Material shown:
·····

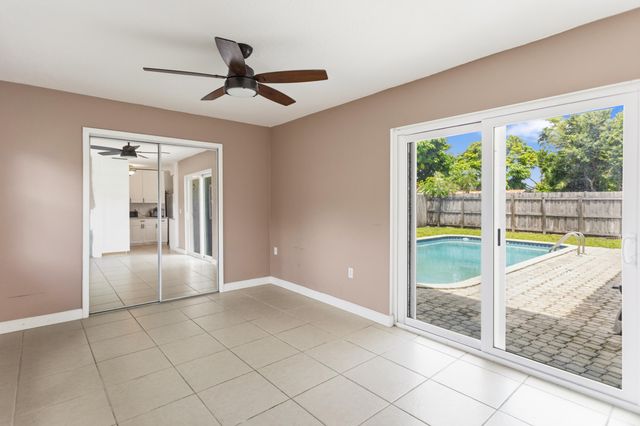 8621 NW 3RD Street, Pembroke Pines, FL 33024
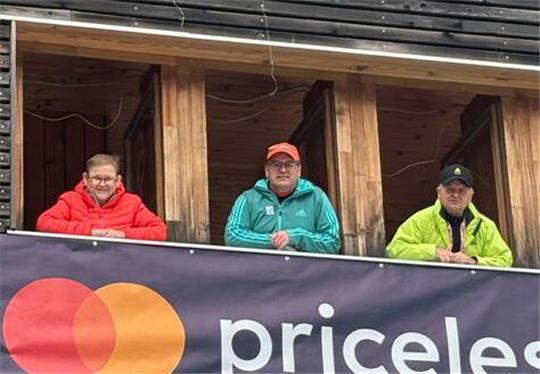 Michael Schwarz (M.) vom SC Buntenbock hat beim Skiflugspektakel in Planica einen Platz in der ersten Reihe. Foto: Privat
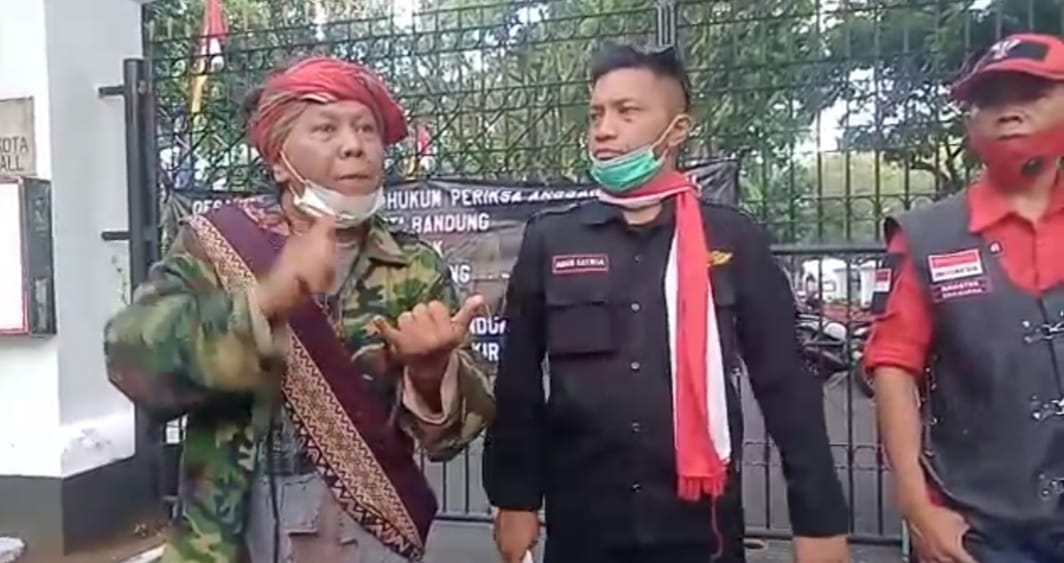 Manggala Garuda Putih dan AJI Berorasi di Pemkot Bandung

·····

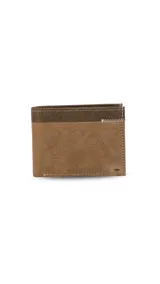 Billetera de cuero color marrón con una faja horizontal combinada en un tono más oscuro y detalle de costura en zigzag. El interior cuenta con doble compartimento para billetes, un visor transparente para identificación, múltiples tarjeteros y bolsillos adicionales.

·····

Exercise directions:
Go to the line above that contains "8621 NW 3RD Street, Pembroke Pines, FL 33024" and reproduce everything exactly from there through the line that contains "Manggala Garuda Putih", leaving out the pictures.

Answer:
 8621 NW 3RD Street, Pembroke Pines, FL 33024
 Michael Schwarz (M.) vom SC Buntenbock hat beim Skiflugspektakel in Planica einen Platz in der ersten Reihe. Foto: Privat
 Manggala Garuda Putih dan AJI Berorasi di Pemkot Bandung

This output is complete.